Mad’u atau sasaran (objek) dakwah adalah seluruh manusia sebagai
makhluk Allah yang dibebani menjalankan agama Islam dan diberi
kebebasan untuk beriktiar, kehendak dan bertanggungjawab atas
perbuatan sesuai dengan pilihannya, mulai dari individu, keluarga,
kelompok dan golongan, kaum, massa, dan umat manusia seluruhnya.
Sebagai makhluk “Allah yang diberi akal dan potensi kemampuan berbuat
baik dan berbuat buruk, sebagai makhluk yang terkena sifat lupa akan janji
dan pengakuannya bahwa Allah adalah Tuhannya ketika di alam ruh
sebelum ruh tersebut bersatu dengan jasad” (Enjang dan Aliyudin, 2009:
96)
Manusia mempunyai kebutuhan terhadap dakwah, karena pada
dasarnya manusia adalah mahluk yang punya kecenderungan untuk
beragama dan memiliki naluri ketuhanan disamping naluri untuk hidup
berkelompok dan naluri untuk mempertahankan diri manusia juga
merupakan mahluk yang memiiliki fitrah.
Dari fitrah manusia sebagai mahluk religius, mahluk sosial dan mahluk
individu.

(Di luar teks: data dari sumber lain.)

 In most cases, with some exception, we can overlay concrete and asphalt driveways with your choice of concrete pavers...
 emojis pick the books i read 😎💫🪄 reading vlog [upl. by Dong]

Maka dakwah selalu dibutuhkan manusia dalam upaya
penyempurnaan diri lewat ikhtiar yang harus ia lakukan.
Sehubungan dengan kenyataan yang berkembang dalam masyarakat,
bila dilihat dari aspek kehidupan Psikologis, maka dalam pelaksanaan
program kegiatan dakwah perlu mendapat konsiderasi yang tepat yaitu
meliputi hal-hal:
a) Sasaran yang menyangkut kelompok masyarakat dilihat dari segi
sosiologis berupa masyarakat terasing, pedasaan, kota besar dan
kecil, serta masyarakat di daerah marginal dari kota besar.
b) Sasaran yang berhubungan dengan masyarakat dilihat dari segi
okupasionil (profesi atau pekerjaan) berupa golongan petani, umum,
karyawan, pedagang, pelaut, pelayan, guru, pendidik dan dosen,
pengusaha, murid, pengajar, mahasiswa, pejabat-pejabat,
pemerintah, baik militer maupun sipil, mulai dari presiden sampai
pangkat yang terendah, serta wakil-wakil rakyat, pemimpin-
pemimpin dan seterusnya.
c) Sasaran yang berupa kelompok-kelompok masyarakat dilihat dari
segi sosial kulturil, berupa golongan abangan, santri, priyayi.
d) Sasaran yang menyangkut golongan masyarakat dilihat dari segi
struktur kelembagaan berupa masyarakat, pemerintah dan keluarga.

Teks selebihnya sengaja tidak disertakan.